Data provided section start

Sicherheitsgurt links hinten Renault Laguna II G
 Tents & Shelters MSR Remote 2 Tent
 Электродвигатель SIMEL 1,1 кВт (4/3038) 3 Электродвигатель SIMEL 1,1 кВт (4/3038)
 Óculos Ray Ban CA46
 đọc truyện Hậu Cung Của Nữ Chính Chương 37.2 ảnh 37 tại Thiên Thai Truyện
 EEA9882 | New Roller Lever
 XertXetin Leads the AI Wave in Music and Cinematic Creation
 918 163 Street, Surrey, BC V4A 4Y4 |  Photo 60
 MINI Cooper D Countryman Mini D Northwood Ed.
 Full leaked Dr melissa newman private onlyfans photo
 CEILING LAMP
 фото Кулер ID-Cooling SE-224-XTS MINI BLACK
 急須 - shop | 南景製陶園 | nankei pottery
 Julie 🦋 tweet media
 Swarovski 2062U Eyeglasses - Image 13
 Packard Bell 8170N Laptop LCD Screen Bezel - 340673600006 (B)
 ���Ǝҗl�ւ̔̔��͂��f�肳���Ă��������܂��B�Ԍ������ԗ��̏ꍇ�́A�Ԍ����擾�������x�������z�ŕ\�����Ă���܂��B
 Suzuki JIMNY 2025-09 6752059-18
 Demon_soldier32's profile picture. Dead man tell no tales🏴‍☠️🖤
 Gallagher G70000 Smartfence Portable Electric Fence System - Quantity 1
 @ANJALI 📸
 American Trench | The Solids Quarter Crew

Data provided section end

_Your goal_: Only the lines from the one with "фото Кулер ID-Cooling SE-224-XTS MINI BLACK" through the last line of the records belong in the answer, each copied exactly.

_Solution below_:
 фото Кулер ID-Cooling SE-224-XTS MINI BLACK
 急須 - shop | 南景製陶園 | nankei pottery
 Julie 🦋 tweet media
 Swarovski 2062U Eyeglasses - Image 13
 Packard Bell 8170N Laptop LCD Screen Bezel - 340673600006 (B)
 ���Ǝҗl�ւ̔̔��͂��f�肳���Ă��������܂��B�Ԍ������ԗ��̏ꍇ�́A�Ԍ����擾�������x�������z�ŕ\�����Ă���܂��B
 Suzuki JIMNY 2025-09 6752059-18
 Demon_soldier32's profile picture. Dead man tell no tales🏴‍☠️🖤
 Gallagher G70000 Smartfence Portable Electric Fence System - Quantity 1
 @ANJALI 📸
 American Trench | The Solids Quarter Crew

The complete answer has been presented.